Private market liquidity is splitting into specialized products, not one universal marketplace. The same underlying activity, matching buyers and sellers in private stock, now shows up as company run tenders, employee block sales, brokered institutional trades, and derivative overlays. Each workflow favors a different owner. Carta and Nasdaq Private Market are strongest when the company wants control, Forge and similar brokers are strongest when investors want direct access, and Caplight is building around institutional price discovery and hedging.

  • The market already broke into distinct lanes years ago. Company sponsored tenders became the main driver of volume, while platforms like Forge and EquityZen handled employee and investor trades, and inter broker systems like Zanbato served institutions. That structure makes vertical competition a feature of the market, not a temporary phase.
  • Tender offers look simple, but simplicity is a separate product choice. They give issuers control over who sells, who buys, and how much stock moves, but often rely on last round pricing and can underprice employees.
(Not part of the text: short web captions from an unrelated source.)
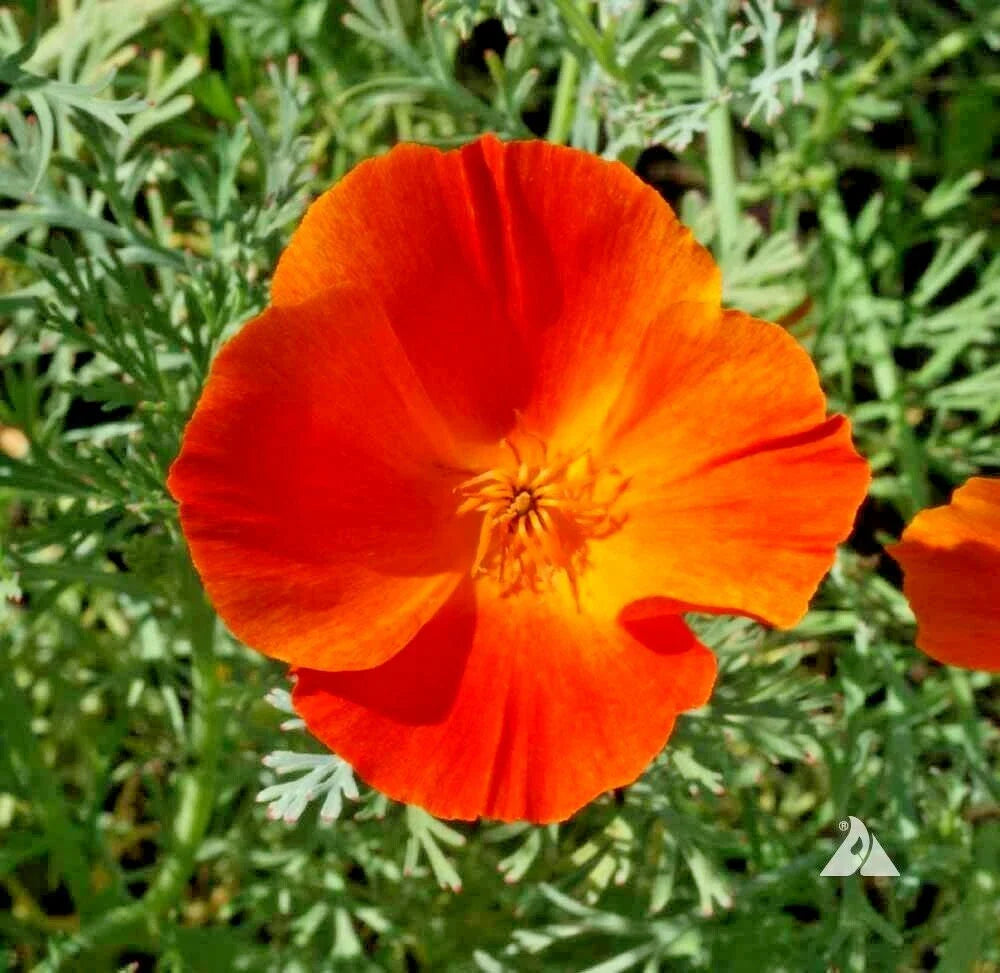 California Poppy Seeds - 500+ Mikado Variety for Wildflower Gardens & Containers - Eschscholzia californica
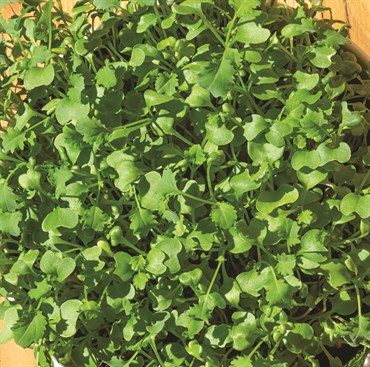Microgreens, Vates Blue Curled Scotch Kale 4 Grams - Image 3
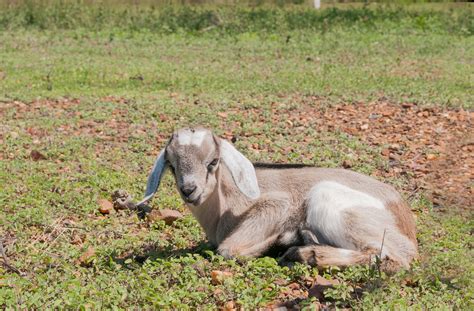 Goat Baby In Margarita Island Wikimedia Commons Image Page Flickr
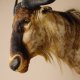 Streifengnu Gnu Wildebeest Kopf Schulter Präparat Kopfpräparat Höhe 79cm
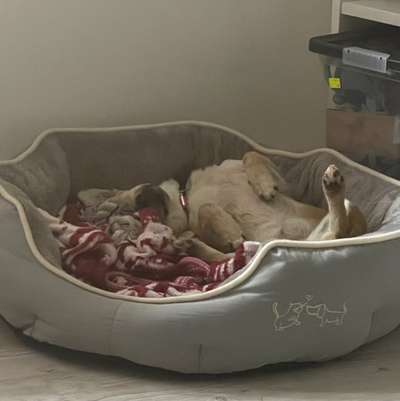 Probleme angehen..-Beitrag-Bild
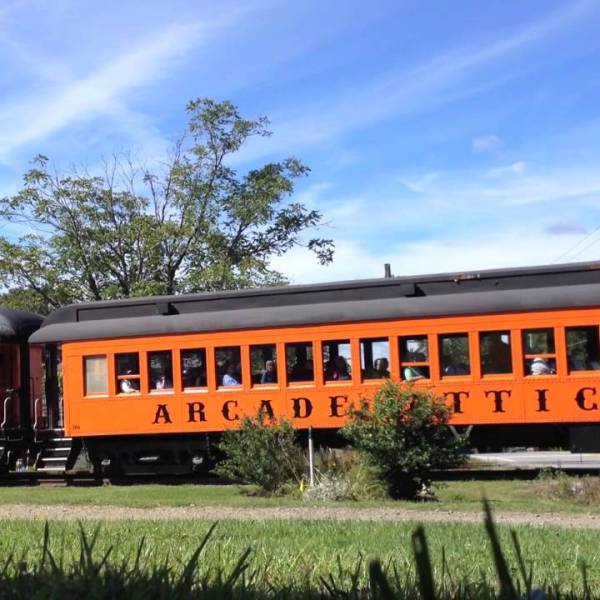 a train is parked on the grass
Auction style products try to fix that with better price discovery, which is why issuer control and fair pricing are now separate battlegrounds.
  • Caplight sits in a different vertical from the company facing tender platforms. Its role is closer to market infrastructure for institutions and brokers, using secondary pricing data to support block trading and eventually derivatives, rather than winning the company workflow for every liquidity event.

The next phase is more bundling around each workflow. Issuer platforms will add tender operations, transfers, disclosures, and tax handling. Broker and data platforms will add execution tools, pricing, and risk products. As private companies stay private longer, the winners will be the firms that become default software for one recurring job, not the ones trying to own every form of secondary trading at once.